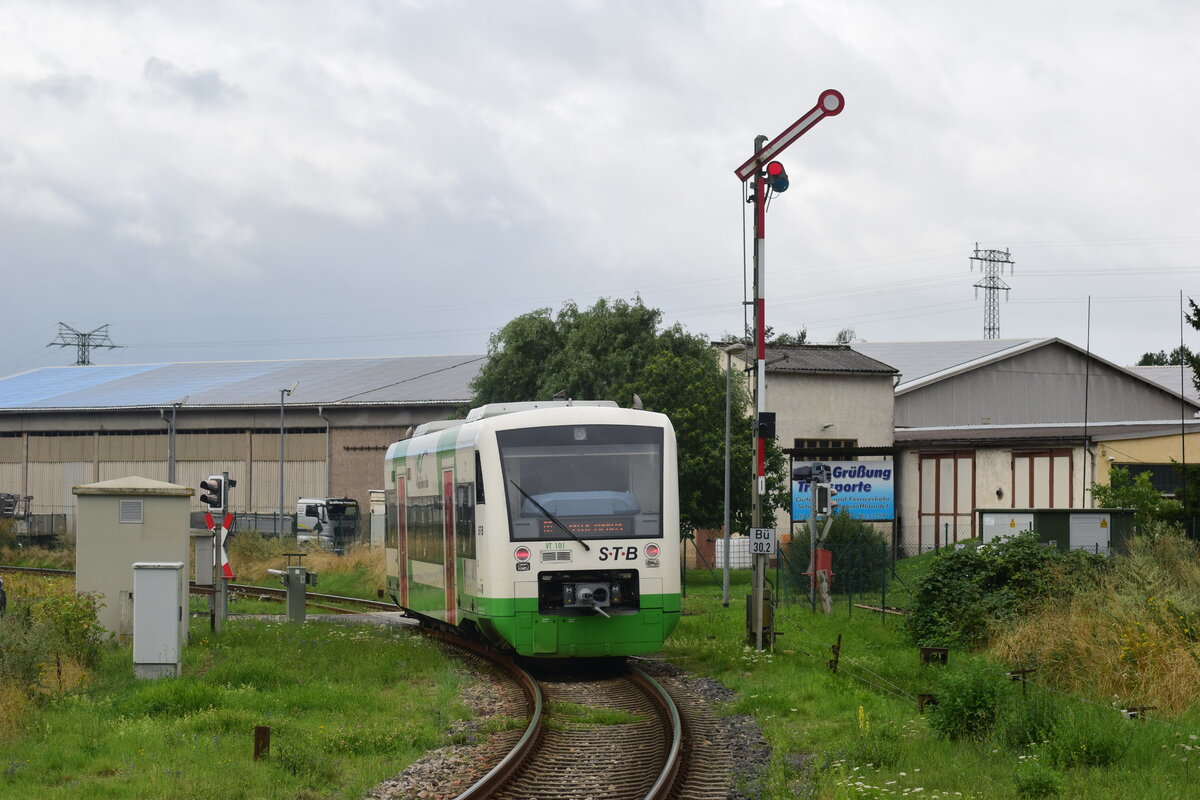 Vt101 verlässt als letzter Zug zur vollen Stunde Wernshausen in Richtung Zella-Mehlis.

Wernshausen 03.08.2023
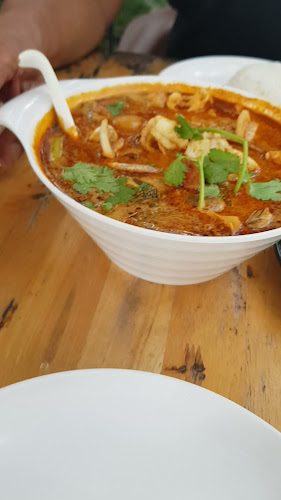 Opinii despre Alive Cheewit Cheewa în อำเภอหาดใหญ่ - การบริการอาหารและที่พัก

■ **TASK GOAL**
Repeat the listing above exactly, omitting the pictures it contains.

■ **SOLUTION BELOW**
 Vt101 verlässt als letzter Zug zur vollen Stunde Wernshausen in Richtung Zella-Mehlis.

Wernshausen 03.08.2023
 Opinii despre Alive Cheewit Cheewa în อำเภอหาดใหญ่ - การบริการอาหารและที่พัก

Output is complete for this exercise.